An efficient high-throughput resonance assignment procedure for structural genomics and protein folding research by NMR.

Sequence specific resonance assignment is the primary requirement for all investigations of proteins by NMR methods. In the present postgenomic era where structural genomics and protein folding have occupied the center stage of NMR research, there is a high demand on the speed of resonance assignment, whereas the presently available methods based either on NOESY or on some triple-resonance experiments are rather slow. They also have limited success with unfolded proteins because of the lack of NOEs, and poor dispersion of amide and carbon chemical shifts. This paper describes an efficient approach to rapid resonance assignment that is suitable for both folded and unfolded proteins, making use of the triple-resonance experiments described recently [HNN and HN(C)N]. It has three underlying principles. First, the experiments exploit the (15)N chemical shift dispersions which are generally very good for both folded and unfolded proteins, along two of the three dimensions; second, they directly display sequential amide and (15)N correlations along the polypeptide chain, and third, the sign patterns of the diagonal and the sequential peaks originating from any residue are dependent on the nature of the adjacent residues, especially the glycines and the prolines. These lead to so-called "triplet fixed points" which serve as starting points and/or check points during the course of sequential walks, and explicit side chains assignment becomes less crucial for unambiguous backbone assignment.

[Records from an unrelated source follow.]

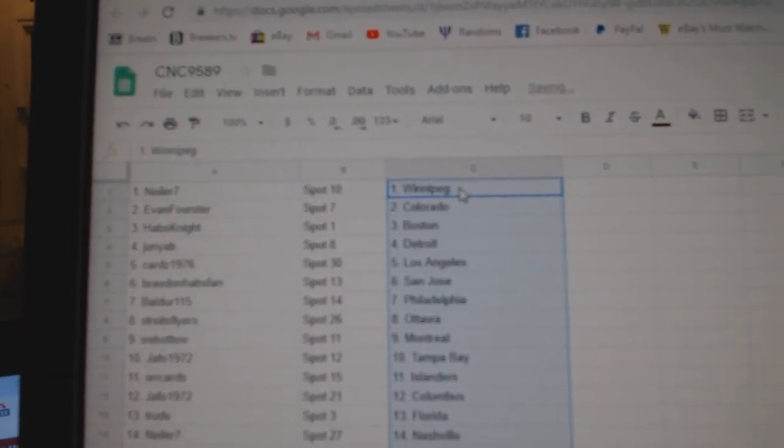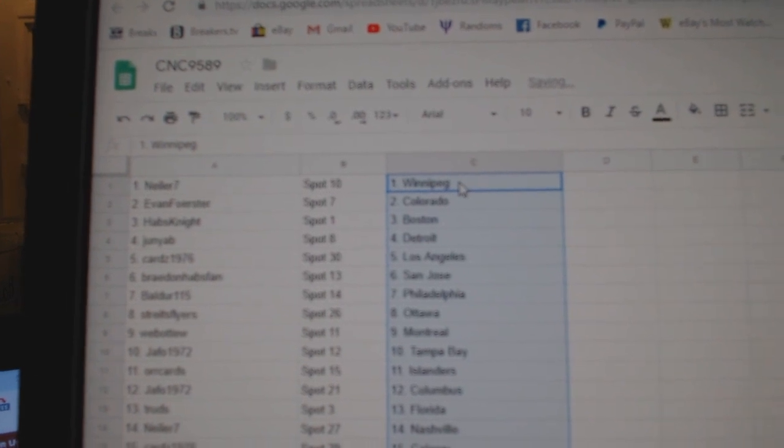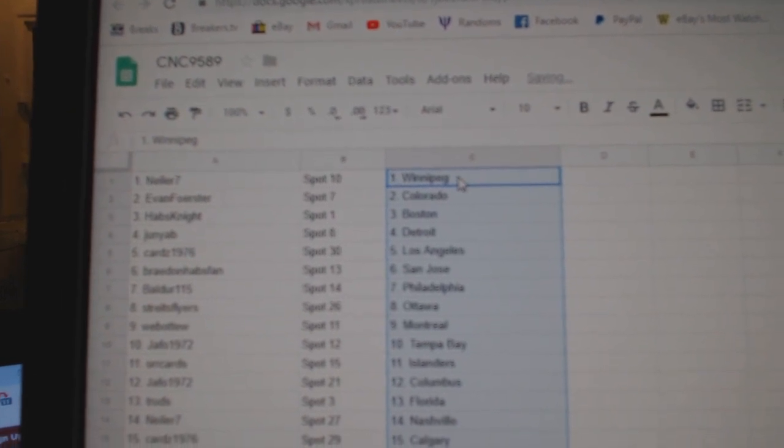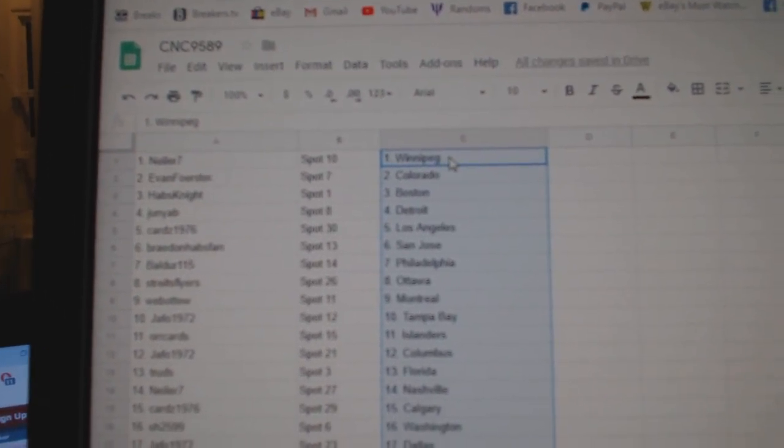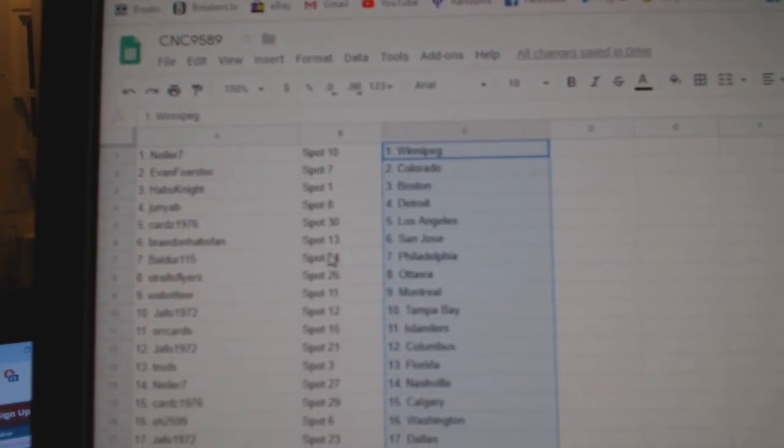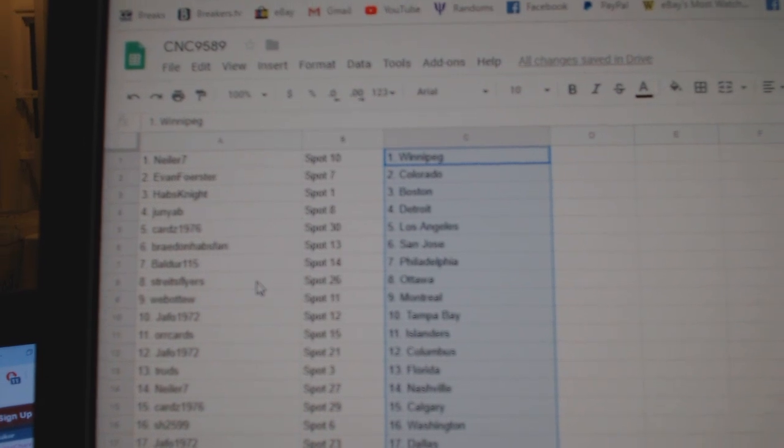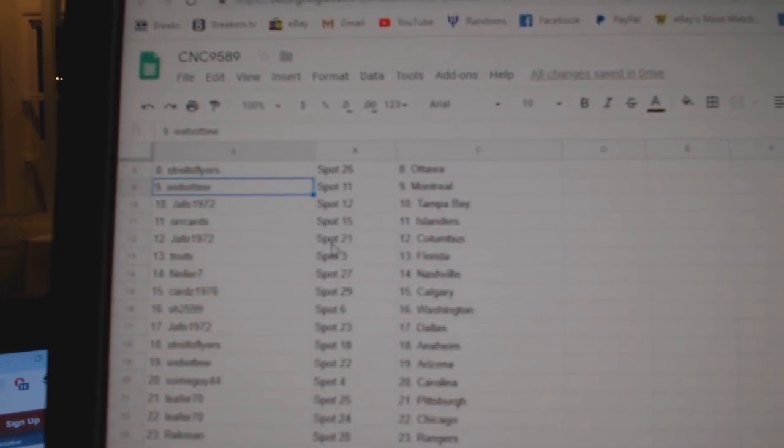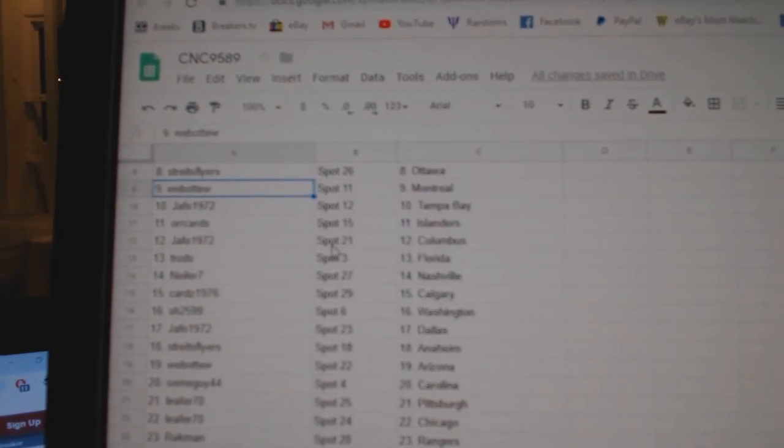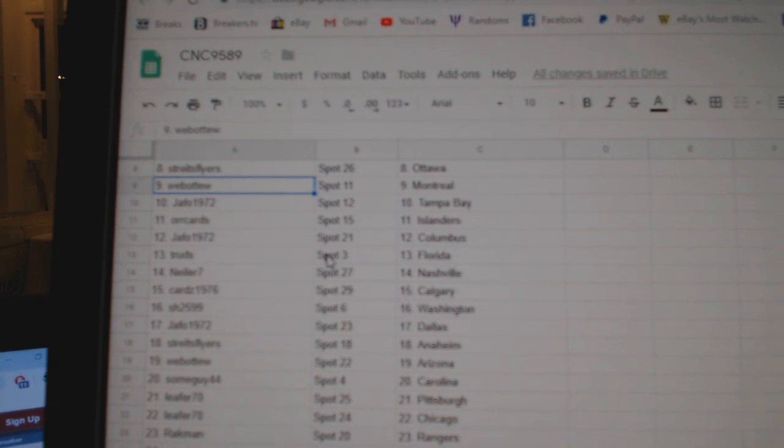Kneeler has Winnipeg, Evan has Colorado, Habs Knight Boston, Junior Detroit, Cards LA, Braden Habs Van San Jose, Balder Philly, Strikes Ottawa, Web02 Montreal, Jafo Tampa, Orcards Islanders, Jafo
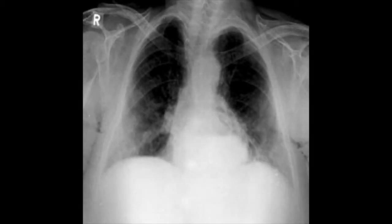We have here a chest X-ray PA view of an elderly gentleman who is due for surgery the next day. Before we comment on this X-ray, let's take a few seconds to identify where the abnormality is. What we have here is a very clearly defined air-fluid level in the retrocardiac region of this chest X-ray.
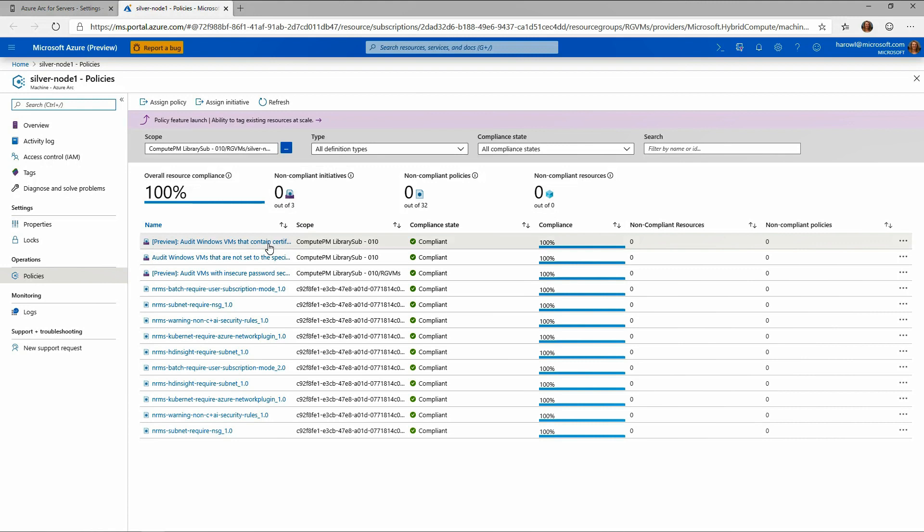So think about things you could apply policy for, certificates that are expiring, security baselines, making sure that Defender ATP is enabled on every one of your resources, and so many more. We've actually included a whole bunch of these already built right into Azure policy.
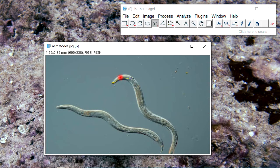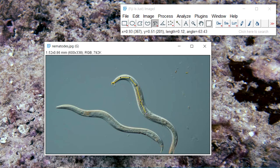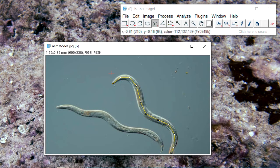Every time you left-click, it will go to the next part of the line. Keep doing this until you have the outline, and for the last point you right-click. This will stop the entire selection.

These features significantly enhance the speed of data analysis, reduce the amount of experimentation required, and thus result in a substantially faster and unambiguous assignment. Following the amide and (15)N assignments, the other proton and carbon assignments can be obtained in a straightforward manner, from the well-established three-dimensional triple-resonance experiments. We have successfully tested the new approach with different proteins in the molecular mass range of 10-22 kDa, and for illustration, we present here the backbone results on the HIV-1 protease-tethered dimer (molecular mass approximately 22 kDa), both in the folded and in the unfolded forms, the two ends of the folding funnel. We believe that the new assignment approach will be of great value for both structural genomics and protein folding research by NMR.